An undated image of cars. — Shutterstock

The federal government plans to announce new policies on imports of used cars for overseas Pakistanis to correlate the personal baggage scheme and gift schemes with the new five-year commercial import policy, set to be effective on October 1, 2025.

Commerce Secretary Jawad Paul informed the National Assembly Standing Committee that vehicles over five years old will have duties of 40% imposed on them, which is expected to gradually drop by 10% per year.

He said that the personal baggage scheme and the schemes of giving gifts could be combined, but there will be no combination of the transfer-of-residence scheme.

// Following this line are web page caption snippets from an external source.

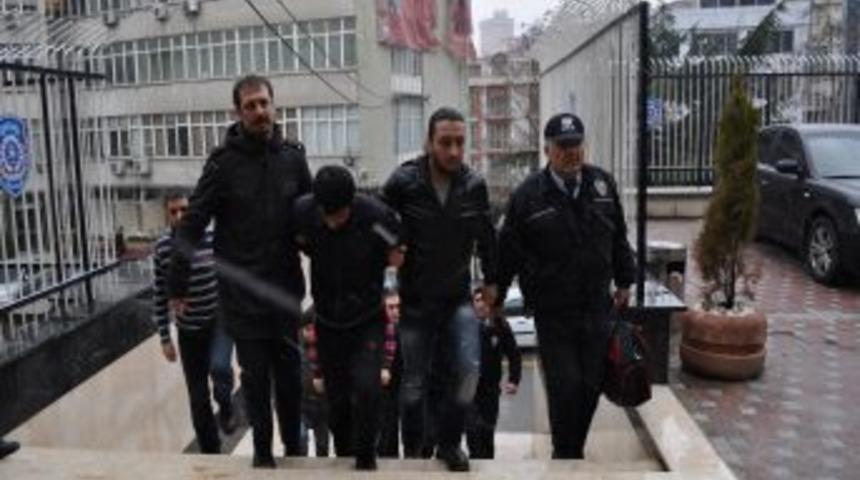 &Ccedil;arşaflı kuyumcu soyguncuları, dayı ile yeğeni &ccedil;ıktı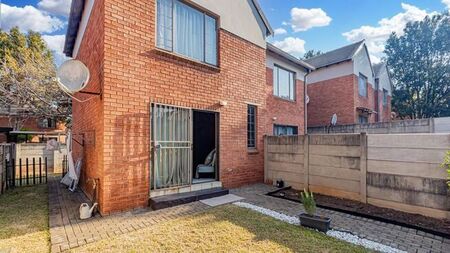 2 Bedroom duplex townhouse - sectional to rent in North Riding, Randburg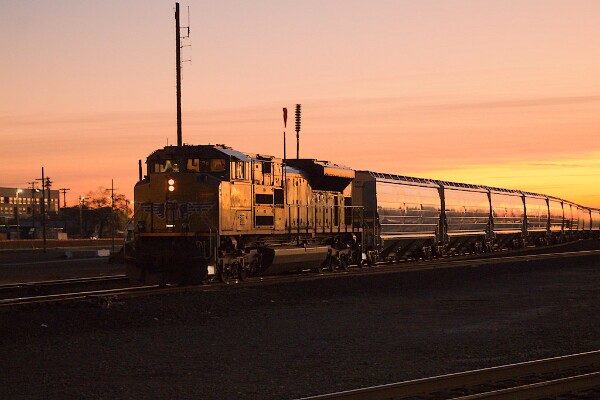 UP8934&nbsp;&lpar;SD70AH&rpar;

The committee members, Usama Ahmed Mela and Gul Asghar Khan, sought information on used car imports and electric cars with respect to how they may affect the foreign exchange reserves of the country.

Personal baggage scheme

With personal baggage scheme, overseas Pakistanis can bring back a used car when returning home, under certain conditions. 

Gift scheme

With gift scheme, overseas Pakistanis can send a used car as a gift to their family members in country, again under special duty rules.

It is worth noting that, these schemes were designed to help the diaspora support their families and enjoy some benefits when relocating or visiting Pakistan.

New commercial import policy

  • Beginning date: October 1, 2025
  • Duty structure: Extra duty on used car imports will gradually drop each year.

Year 

Additional duty

2025–26 

40% on top of existing taxes

2026–27 

30%

2027–28 

20%

2028–29 

10%

2029–30 

0% (only standard taxes apply)

Notably, the new set of regulations issued by the government to overseas Pakistanis is meant to facilitate the importation of used cars without breaching the fiscal and commercial concerns of the government.

Under the upcoming policy, both of these schemes may be “clubbed together” into the larger commercial import framework. The transfer of residence scheme is expected to remain separate.